More often than women, men sometimes cheat because they find themselves in an opportunistic situation—they’re at a work conference or on vacation without their partner, had a few drinks, and flirting leads to the bedroom, says Lehmiller.

To avoid the temptation to cheat, be proactive. Since alcohol is often involved in these situations, says Lehmiller, minimize your consumption at bars and clubs. And try to think ahead and prioritize your relationship. “If you have empathy and understand the trauma that infidelity would inflict, you don’t want to take that risk,” says Josephs.

You’re a lifelong cheater

Plenty of people in high school and college treat dating like a game—and getting away with cheating feels exciting. “People often get it out of their system and learn that game-playing doesn’t work out in the end,” says Josephs. “Those who have a good ability to delay gratification and can see the long-term consequences of their actions tend to take a pass on cheating.”

Some men, however, are aging playboys who never grow up. “When they’re single they’re more likely to have promiscuous casual sex, and when they’re married they’re more likely to cheat,” says Josephs. He explains that lifelong cheaters tend to share three characteristics known in psychology as the “dark triad”: narcissism (they’re arrogant); psychopathy (they don’t consider other people’s emotions); and a Machiavellian intelligence (being manipulative to get their way in relationships). That means they tend to think they can break the rules and get away with it, and they feel guilt-free about cheating. Since they’re rarely open to changing, they often only reform when their marriages fall apart.

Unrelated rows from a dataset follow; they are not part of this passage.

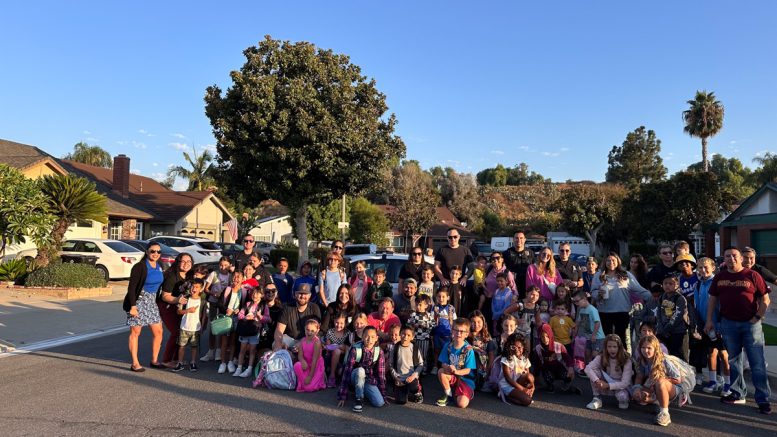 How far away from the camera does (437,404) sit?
19.5 feet

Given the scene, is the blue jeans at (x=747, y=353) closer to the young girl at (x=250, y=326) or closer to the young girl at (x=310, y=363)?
the young girl at (x=310, y=363)

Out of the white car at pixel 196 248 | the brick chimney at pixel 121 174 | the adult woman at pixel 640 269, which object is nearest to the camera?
the adult woman at pixel 640 269

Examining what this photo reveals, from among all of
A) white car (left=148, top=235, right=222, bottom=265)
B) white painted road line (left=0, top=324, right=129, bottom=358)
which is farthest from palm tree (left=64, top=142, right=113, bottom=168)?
white painted road line (left=0, top=324, right=129, bottom=358)

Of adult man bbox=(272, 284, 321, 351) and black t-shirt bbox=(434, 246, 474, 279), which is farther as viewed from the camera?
black t-shirt bbox=(434, 246, 474, 279)

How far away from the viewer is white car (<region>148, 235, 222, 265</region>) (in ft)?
70.6

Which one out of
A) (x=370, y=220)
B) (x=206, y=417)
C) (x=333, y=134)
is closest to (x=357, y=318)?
(x=206, y=417)

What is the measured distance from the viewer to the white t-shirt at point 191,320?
23.6ft

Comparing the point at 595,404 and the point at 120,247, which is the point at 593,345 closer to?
the point at 595,404

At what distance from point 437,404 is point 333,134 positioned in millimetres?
15352

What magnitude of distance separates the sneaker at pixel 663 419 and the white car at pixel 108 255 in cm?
1607

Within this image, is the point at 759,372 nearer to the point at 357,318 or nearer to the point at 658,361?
the point at 658,361

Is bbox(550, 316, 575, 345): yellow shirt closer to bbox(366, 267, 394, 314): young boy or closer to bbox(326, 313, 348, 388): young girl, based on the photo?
bbox(366, 267, 394, 314): young boy

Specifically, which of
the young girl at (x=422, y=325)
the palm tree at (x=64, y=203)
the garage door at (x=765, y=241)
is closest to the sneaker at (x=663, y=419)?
the young girl at (x=422, y=325)

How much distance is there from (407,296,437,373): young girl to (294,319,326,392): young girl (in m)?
1.18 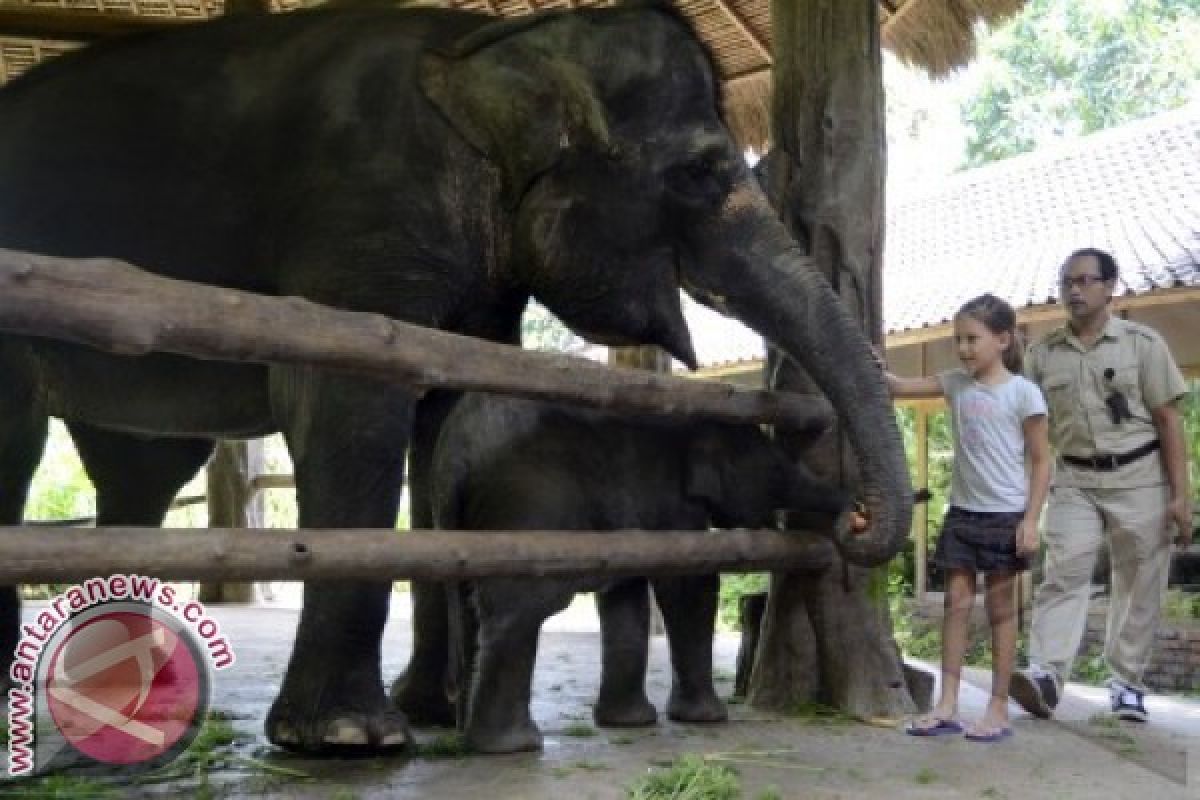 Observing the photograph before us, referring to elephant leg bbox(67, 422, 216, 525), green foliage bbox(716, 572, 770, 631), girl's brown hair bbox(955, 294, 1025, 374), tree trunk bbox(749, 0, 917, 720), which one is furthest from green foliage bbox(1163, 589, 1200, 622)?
elephant leg bbox(67, 422, 216, 525)

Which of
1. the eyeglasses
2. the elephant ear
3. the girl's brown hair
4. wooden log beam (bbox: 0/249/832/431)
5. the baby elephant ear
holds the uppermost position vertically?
the elephant ear

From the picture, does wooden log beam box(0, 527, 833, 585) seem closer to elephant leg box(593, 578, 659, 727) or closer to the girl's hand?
elephant leg box(593, 578, 659, 727)

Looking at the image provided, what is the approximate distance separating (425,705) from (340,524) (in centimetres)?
88

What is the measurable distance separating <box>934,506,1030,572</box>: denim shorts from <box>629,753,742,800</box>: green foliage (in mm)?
1322

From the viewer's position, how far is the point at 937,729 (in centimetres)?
372

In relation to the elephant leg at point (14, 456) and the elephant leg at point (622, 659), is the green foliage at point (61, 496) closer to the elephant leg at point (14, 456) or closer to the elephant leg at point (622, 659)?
the elephant leg at point (14, 456)

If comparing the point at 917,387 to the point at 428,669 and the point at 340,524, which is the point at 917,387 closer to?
the point at 428,669

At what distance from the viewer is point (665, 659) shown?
6035 millimetres

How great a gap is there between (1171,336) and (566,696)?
687 centimetres

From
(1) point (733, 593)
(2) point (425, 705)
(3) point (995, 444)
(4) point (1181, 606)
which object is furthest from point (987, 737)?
(1) point (733, 593)

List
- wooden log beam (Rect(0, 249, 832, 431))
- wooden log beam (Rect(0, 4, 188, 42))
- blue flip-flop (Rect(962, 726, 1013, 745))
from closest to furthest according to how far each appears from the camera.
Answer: wooden log beam (Rect(0, 249, 832, 431)) < blue flip-flop (Rect(962, 726, 1013, 745)) < wooden log beam (Rect(0, 4, 188, 42))

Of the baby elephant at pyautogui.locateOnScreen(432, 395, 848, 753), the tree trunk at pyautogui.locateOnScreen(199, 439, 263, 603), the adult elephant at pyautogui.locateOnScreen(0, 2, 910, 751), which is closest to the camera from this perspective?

“People abuse their power and cheat to make themselves feel superior, but it can’t go on forever. At some point something happens to their health or finances, and they get a wakeup call and realize that the grass isn’t greener. It’s perfect where it is,” says Cadell. So if you’ve found someone with all qualities you love but just can’t keep from straying, it’s probably time to see a therapist.

Discussing sex and your relationship

“A lot of men aren’t comfortable showing vulnerability and talking about their feelings, but authenticity is linked to relationship quality and satisfaction” says Josephs. So communicate about what you want from your sex life and work through your issues with your partner. Also get on the same page with your partner about what constitutes cheating. “People often have different ideas. Talk about what’s acceptable so it’s unambiguous and one person doesn’t engage in an act that hurts the other person,” Lehmiller says. The best time to start these discussions is early in your relationship; the longer you go without bringing it up, the more awkward and difficult it can be later on, he adds.

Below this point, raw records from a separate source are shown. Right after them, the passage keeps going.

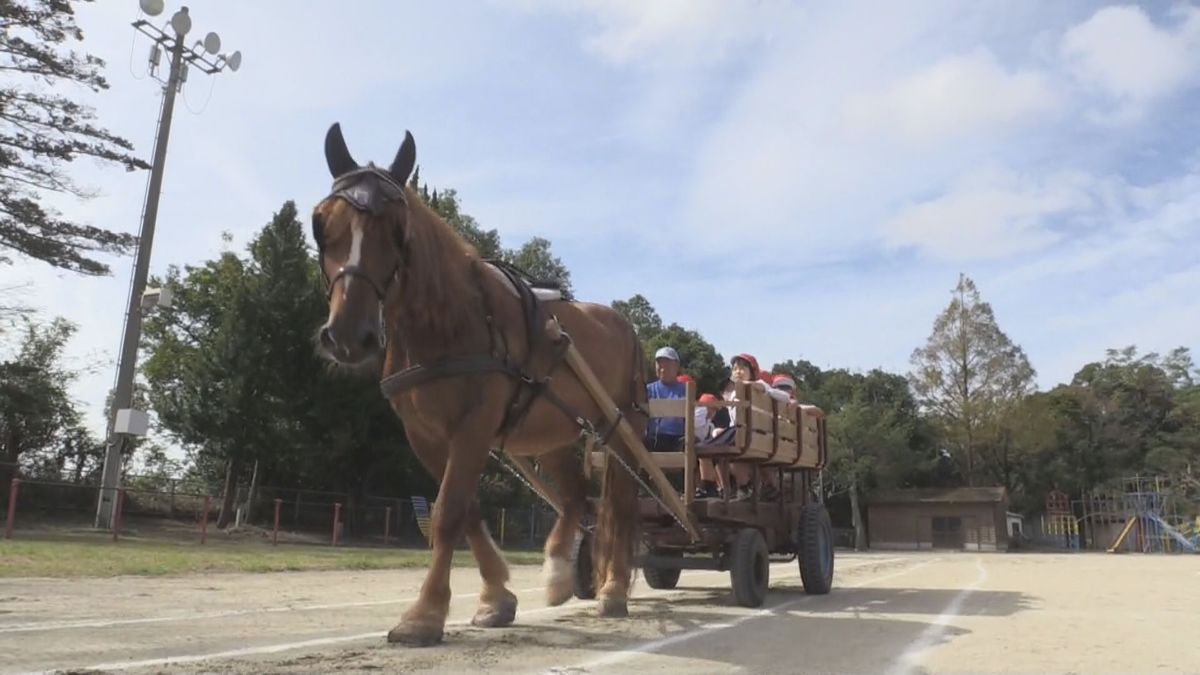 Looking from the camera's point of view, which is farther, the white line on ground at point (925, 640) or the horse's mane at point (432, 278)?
the horse's mane at point (432, 278)

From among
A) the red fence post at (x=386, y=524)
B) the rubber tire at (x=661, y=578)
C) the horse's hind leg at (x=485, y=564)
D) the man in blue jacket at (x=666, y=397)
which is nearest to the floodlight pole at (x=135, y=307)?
the red fence post at (x=386, y=524)

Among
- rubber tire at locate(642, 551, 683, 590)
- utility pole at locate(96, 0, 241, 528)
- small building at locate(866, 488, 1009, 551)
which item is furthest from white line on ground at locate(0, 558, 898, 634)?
small building at locate(866, 488, 1009, 551)

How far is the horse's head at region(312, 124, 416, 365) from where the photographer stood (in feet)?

If you are ever tempted to cheat, think about the long-term consequences to your relationship and why it’s better to confront the core issues behind your inclination. “When people are insincere and don’t show vulnerability in their relationships, they grow apart,” says Josephs. “People who are willing to take risks and be honest have better relationships. It’s scary, but it creates a moment of truth.”

And if you do cheat, own up to it instead of sweeping it under the rug. “The relationship could even be better than before the infidelity once it’s addressed,” says Josephs.